Ovarian Screening Tests Can Be Sensitive and Accurate

Combined blood test and ultrasound gives best results

THURSDAY, Mar. 12 (HealthDay News) -- Ovarian screening tests comprising transvaginal ultrasound and a CA125 blood test have a high degree of sensitivity and specificity, while transvaginal ultrasound alone is also highly sensitive but lacks the specificity of the combined screening test, according to an article published online Mar. 11 in The Lancet Oncology.

Usha Menon, M.D., of University College London in the United Kingdom, and colleagues analyzed data from the U.K. Collaborative Trial of Ovarian Cancer Screening, which enrolled 202,638 postmenopausal women aged 50 to 74 years between 2001 and 2005, of whom 50,640 were randomized to multi-modal screening by blood test and ultrasound, 50,639 were screened by ultrasound alone, and 101,359 were controls.
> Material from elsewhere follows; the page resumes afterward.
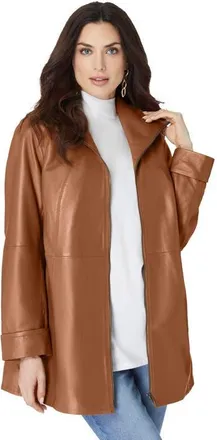 Roaman's Plus Size A Line Leather Jacket in Cognac at Nordstrom, Size 34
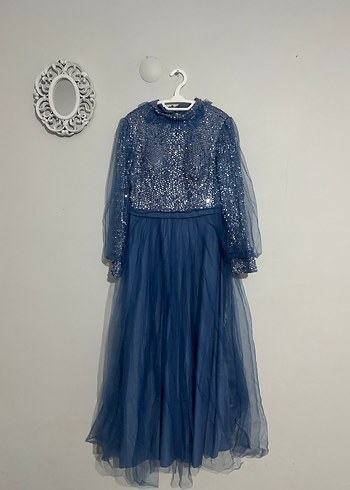 Mavi Payetli Uzun Kollu Abiye Elbise - Görsel 8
Multi-modal screening detected 42 primary ovarian and tubal cancers, while 45 were detected in the ultrasound group, the investigators note. For all primary ovarian and tubal cancers, the sensitivity, specificity and positive-predictive values of multi-modal testing was 89.4 percent, 99.8 percent and 43.3 percent, respectively, versus 84.9 percent, 98.2 percent and 5.3 percent, respectively, for ultrasound alone, the researchers found.

"There are inherent differences between the two strategies being tested, with a more subjective element inherent in the ultrasound-based strategy than with the CA125 test, for which it is easy to implement stringent quality control," the authors write. "However, both screening strategies have encouraging performance characteristics."